What O’Reilly fails to grasp is that Nielsen is a private market research company that nobody is compelled to patronize. If O’Reilly and/or Fox News don’t trust the results, they can decline to renew their contract. But to suggest that the Feds investigate them is just plain crazy. O’Reilly is attempting to elevate Nielsen to some kind of public institution that is subject to scrutiny from government overseers. It’s not. If O’Reilly had any evidence of wrongdoing, he could easily release it and Nielsen would be forced to respond. That’s how the free market, so revered by rightist ideologues like O’Reilly, actually operates.
Obviously O’Reilly has no such evidence. And he is exploring the boundaries of absurdity by proudly citing the Nielsen ratings as his source for how successful he is, then slandering them for cheating to make him look bad. If he wants us to be suspicious of Nielsen data, than shouldn’t we also question the data that shows him ahead?
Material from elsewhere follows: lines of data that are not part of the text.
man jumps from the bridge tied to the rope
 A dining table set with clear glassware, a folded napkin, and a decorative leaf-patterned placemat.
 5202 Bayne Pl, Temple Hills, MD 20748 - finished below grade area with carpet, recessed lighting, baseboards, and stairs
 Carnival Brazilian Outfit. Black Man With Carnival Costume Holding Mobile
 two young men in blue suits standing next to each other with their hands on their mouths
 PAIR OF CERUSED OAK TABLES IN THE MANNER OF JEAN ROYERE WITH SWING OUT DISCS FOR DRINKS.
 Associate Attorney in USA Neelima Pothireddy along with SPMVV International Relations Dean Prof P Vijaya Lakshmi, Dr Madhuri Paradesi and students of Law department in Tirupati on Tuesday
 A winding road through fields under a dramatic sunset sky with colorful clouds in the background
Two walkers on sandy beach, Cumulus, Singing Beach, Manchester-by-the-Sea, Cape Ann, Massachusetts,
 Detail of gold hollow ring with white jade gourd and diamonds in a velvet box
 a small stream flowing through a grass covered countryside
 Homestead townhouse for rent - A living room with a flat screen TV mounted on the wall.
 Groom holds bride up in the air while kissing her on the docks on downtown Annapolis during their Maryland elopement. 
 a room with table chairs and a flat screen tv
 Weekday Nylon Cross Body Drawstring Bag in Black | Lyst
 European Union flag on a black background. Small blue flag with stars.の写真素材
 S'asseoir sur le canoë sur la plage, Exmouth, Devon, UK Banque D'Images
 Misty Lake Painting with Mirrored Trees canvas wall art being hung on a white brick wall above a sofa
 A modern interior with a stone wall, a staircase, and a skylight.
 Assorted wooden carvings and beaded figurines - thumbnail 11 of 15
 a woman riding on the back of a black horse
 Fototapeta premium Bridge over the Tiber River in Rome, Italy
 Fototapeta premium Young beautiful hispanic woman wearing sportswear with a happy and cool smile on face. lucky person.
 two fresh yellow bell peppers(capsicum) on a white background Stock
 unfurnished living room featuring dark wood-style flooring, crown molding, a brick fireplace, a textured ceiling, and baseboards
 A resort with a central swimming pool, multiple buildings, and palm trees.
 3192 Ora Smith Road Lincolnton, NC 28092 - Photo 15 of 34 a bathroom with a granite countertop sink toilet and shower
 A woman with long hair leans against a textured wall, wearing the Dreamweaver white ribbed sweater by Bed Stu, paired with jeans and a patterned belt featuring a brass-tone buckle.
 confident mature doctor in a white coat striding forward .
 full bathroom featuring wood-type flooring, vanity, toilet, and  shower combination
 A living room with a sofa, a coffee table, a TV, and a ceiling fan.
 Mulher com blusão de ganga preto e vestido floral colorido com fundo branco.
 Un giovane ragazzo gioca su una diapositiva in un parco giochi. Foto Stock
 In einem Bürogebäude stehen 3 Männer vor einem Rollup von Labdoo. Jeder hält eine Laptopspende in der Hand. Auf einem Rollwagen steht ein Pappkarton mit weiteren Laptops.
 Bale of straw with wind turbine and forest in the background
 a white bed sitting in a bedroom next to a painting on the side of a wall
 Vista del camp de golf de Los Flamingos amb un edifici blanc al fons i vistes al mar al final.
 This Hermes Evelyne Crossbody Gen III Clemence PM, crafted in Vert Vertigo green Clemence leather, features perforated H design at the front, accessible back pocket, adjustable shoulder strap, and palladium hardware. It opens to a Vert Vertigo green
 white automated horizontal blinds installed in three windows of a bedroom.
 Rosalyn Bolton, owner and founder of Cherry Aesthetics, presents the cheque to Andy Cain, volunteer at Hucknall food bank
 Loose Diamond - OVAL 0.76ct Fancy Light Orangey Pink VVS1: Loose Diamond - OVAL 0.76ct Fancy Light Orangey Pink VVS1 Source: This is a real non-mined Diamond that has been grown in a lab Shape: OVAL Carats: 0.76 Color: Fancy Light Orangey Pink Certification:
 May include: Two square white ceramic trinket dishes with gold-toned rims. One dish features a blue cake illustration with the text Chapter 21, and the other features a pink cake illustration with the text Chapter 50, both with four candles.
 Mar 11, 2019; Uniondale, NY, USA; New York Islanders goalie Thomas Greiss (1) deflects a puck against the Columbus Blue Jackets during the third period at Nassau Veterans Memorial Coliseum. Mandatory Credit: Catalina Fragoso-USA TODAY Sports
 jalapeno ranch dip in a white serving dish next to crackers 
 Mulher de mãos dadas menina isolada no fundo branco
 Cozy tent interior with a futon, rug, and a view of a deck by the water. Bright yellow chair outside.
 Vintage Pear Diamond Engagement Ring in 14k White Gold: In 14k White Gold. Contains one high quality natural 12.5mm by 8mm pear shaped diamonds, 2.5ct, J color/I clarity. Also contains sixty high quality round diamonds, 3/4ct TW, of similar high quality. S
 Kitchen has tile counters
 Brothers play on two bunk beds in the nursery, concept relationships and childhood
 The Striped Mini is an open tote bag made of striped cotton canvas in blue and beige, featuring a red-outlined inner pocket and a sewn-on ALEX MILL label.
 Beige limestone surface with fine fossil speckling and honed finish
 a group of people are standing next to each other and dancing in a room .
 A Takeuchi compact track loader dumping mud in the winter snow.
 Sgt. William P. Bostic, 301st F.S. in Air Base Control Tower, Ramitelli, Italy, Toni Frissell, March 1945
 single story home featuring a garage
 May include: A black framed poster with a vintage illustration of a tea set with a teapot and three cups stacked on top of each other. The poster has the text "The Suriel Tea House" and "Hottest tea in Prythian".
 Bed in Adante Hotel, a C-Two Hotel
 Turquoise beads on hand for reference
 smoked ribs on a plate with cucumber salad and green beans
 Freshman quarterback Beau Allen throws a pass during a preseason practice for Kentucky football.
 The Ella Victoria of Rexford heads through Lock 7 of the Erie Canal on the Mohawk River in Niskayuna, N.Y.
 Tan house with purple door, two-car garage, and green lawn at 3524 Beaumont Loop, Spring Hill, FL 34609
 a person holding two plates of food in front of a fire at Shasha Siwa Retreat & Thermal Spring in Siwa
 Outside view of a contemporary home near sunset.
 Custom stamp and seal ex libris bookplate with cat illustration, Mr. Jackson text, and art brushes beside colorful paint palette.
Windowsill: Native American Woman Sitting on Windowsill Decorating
As for his interpretation, O’Reilly is eager to complain that reporters from the New York Times leave out pertinent facts when profiling his performance. But so does he. His claim that he increased his 25-54 demo 90% needs to be put in context by noting that Keith Olbermann’s Countdown increased the same demo by over 300%. O’Reilly also likes to use the total audience numbers because they favor him. What he doesn’t say is that nobody in the business cares about them. Advertisers are focused on younger demos. In that area, O’Reilly lags severely. Only 22% of primetime Fox News viewers were in the 25-54 demo, compared to 31% for CNN and 38% for MSNBC. And Fox News is consistently the slowest growing of all the cable news networks.
O’Reilly’s attack on the Times has escalated into what he calls a war, and O’Reilly is fighting dirty. In a Herculean feat of irrelevance, he suggests that the Times’ performance on Wall Street is an affirmation of his position:
“The Times is suffering for its deceptive reporting. Its stock price is down 54 percent.”
Once again it is what O’Reilly leaves out that is most significant. First of all, he fails to note that the entire stock market has been brutalized by a sell-off of historic proportions. More to the point, the stock price of Fox News’ parent company, News Corp., is presently down 63% from it’s 52 week high. So by O’Reilly’s logic, Fox is 9% more deceptive than the Times.
I recognize that I’m being generous using the word “logic” in connection to anything O’Reilly does or says. But what’s notable about his latest “Reality Check” is how much farther it extends into the surreal than even he has ventured before. He has truly lost touch and now wanders a barren mental landscape in a vain search for sanity and safety from the demons he imagines are pursuing him.